In a seperate bowl, whisk all purpose flour, baking powder, salt and 1/4 cup sugar together. Pour the flour
mixture into the yeast water, add the oil and mix until well blended. Knead the combined mixture until smooth,
cover and set aside for 20 mins or until the dough doubles in size. After the dough has risen, knead it again
for 1 min. to remove any air. Set it aside in warm place with over fir 30 minutes.
Cut the dough into 8 equal sized piece and form each into a ball. Put dough balls on a floured cutting board
and flatten using rolling pin on your palm.

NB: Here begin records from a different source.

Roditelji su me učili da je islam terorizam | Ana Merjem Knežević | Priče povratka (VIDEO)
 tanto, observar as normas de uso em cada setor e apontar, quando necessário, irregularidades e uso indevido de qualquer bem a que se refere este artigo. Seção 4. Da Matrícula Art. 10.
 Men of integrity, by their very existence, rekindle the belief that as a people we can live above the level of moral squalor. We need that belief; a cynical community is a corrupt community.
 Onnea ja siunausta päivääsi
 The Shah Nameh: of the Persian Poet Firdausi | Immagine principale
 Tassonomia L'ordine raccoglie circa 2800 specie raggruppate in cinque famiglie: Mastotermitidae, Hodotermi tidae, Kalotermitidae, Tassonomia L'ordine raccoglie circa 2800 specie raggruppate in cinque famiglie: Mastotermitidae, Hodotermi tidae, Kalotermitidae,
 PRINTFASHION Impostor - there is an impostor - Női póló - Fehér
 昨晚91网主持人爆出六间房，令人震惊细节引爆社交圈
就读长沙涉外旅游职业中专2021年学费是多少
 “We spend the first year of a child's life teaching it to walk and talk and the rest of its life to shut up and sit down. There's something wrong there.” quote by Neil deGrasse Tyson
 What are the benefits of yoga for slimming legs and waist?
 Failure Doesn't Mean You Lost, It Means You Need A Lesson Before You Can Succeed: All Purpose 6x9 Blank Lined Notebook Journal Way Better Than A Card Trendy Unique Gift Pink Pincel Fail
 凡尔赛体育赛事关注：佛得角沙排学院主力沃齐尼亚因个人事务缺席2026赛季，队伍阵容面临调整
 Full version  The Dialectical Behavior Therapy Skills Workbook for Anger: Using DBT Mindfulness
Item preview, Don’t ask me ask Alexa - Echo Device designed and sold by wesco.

Scoop enough filling in the middle of each dough then seal on top. Place wax paper underneath of each
dough then steam for 29 minutes. Served with siopao sauce.
For Sauce:
2 c pork or chicken broth
1/4 c onion, chopped
3 tbsp sugar
2 tbsp soy sauce
1 tbsp Worcestershire sauce
1 1/4 tsp salt
1 tsp garlic ,minced
1/4 tsp ground pepper

1 pcs star anise


Mix all in a saucepan; let boil and simmer for 5 mins; strain. Dissolved 2-3 tbsp cornstarch with a small
amount of water and add to the broth mixture. Cook till thickened..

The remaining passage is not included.